By the time reached the lookout, the calls of lions began again in earnest. This time however, they were much closer. The powerful roars exploded through the dusk and not 30 meters away, on the opposite banks of the Sand river, a lone lioness stared at our now silent group. With piercing eyes she caught our gaze for a second, then flicked her tail and melted back into the reeds to join the rest of the pride. After dark they would swim across the river leaving only their footprints for us to muse over in the morning.
The following midday heat of the summer sun underlined to us the harshness of nature. Walking silently for hours on end, we would become lost in our thoughts about the wilderness and these animals. A constant battle to survive by avoiding predators, finding food and water as well as shelter and breeding opportunities; these are everyday struggles that the animals of the African savannah face, and ones that we as humans were also immersed in once-upon-a-time. For these animals, they do not conceive of their own petty strivings for they are insignificant in this place, in this vast primeval world, a true wilderness. Amidst the silence we all knew that if only all people could at one time or another be set down in this place, even for a brief space of time, that they might return to their lives renewed and invigorated, all of their subsequent striving less vicious, less stressful and more attuned to consistent presence of nature.

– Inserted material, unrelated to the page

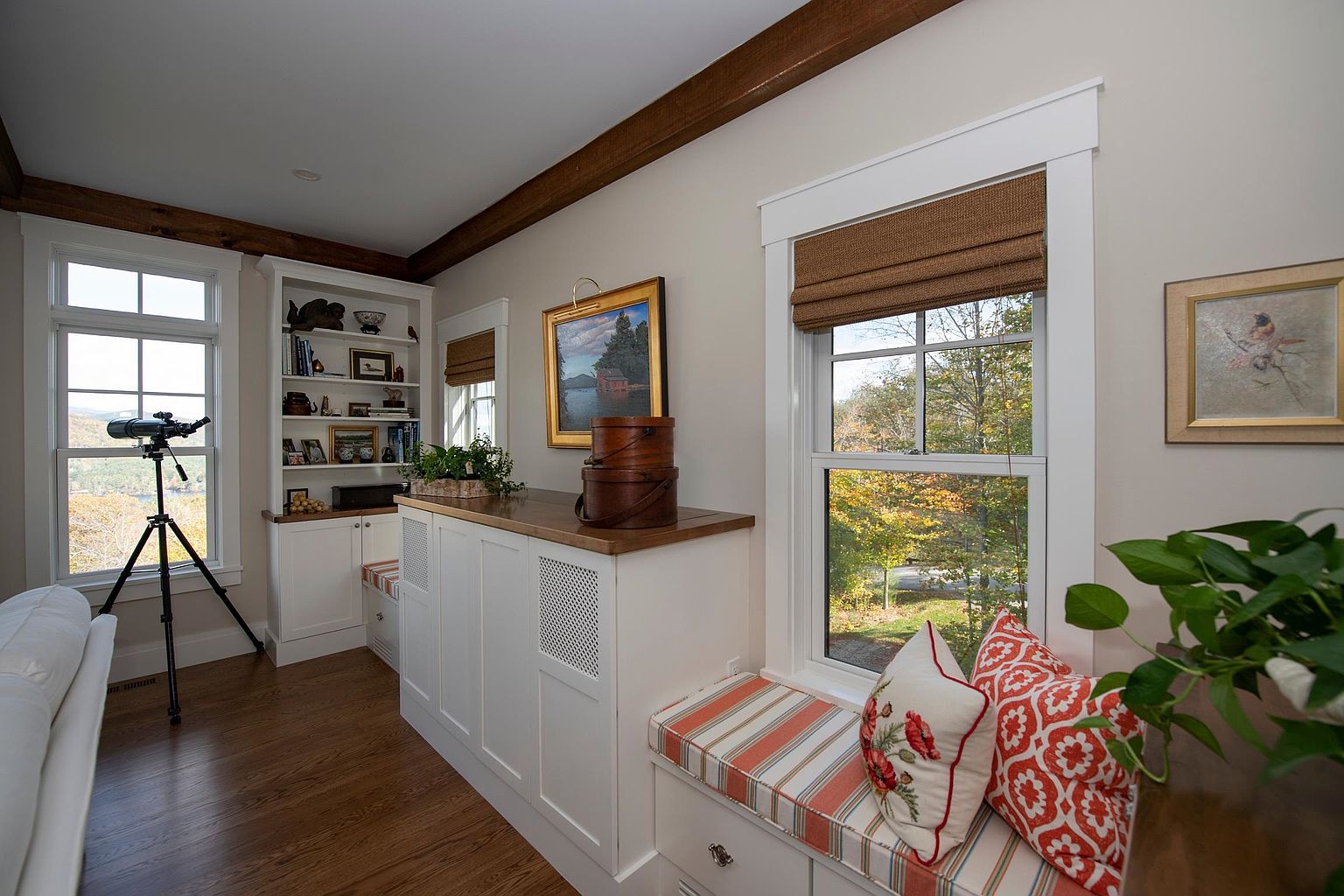 This cozy study features custom built-in cabinetry with open shelving and a window seat topped with patterned cushions. A telescope is positioned by the window, emphasizing the scenic outdoor view, while warm wood trim and beams add a rustic, inviting character to the space. The room is decorated with framed artwork and a wooden storage chest, creating a refined and tranquil atmosphere.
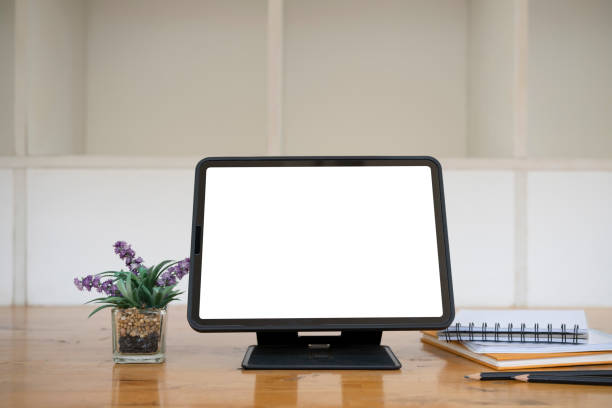 istock Computer tablet, houseplant and notebooks on wooden desk. 1320437895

So lost in this wilderness experience did we become that a strange air of disappointment hung briefly at the sight of the Western Fenceline. Although our goal was achieved, the journey was over. Yet with this ending I realized that the journey itself was far more profound. We had seen the Sabi Sands Wildtuin from a new perspective, one that was different to traditional experiences that other safari destinations so generously afford.
This Game Reserve is an eden which has so much to offer and is the best place in the world to go on safari, to experience the wildlife, exclusivity and true solitude of the wild. In just two days, we had forgotten ourselves, briefly, in the knowledge that wilderness still exists, the natural order endures and the pulse of Africa resonated more deeply than ever before…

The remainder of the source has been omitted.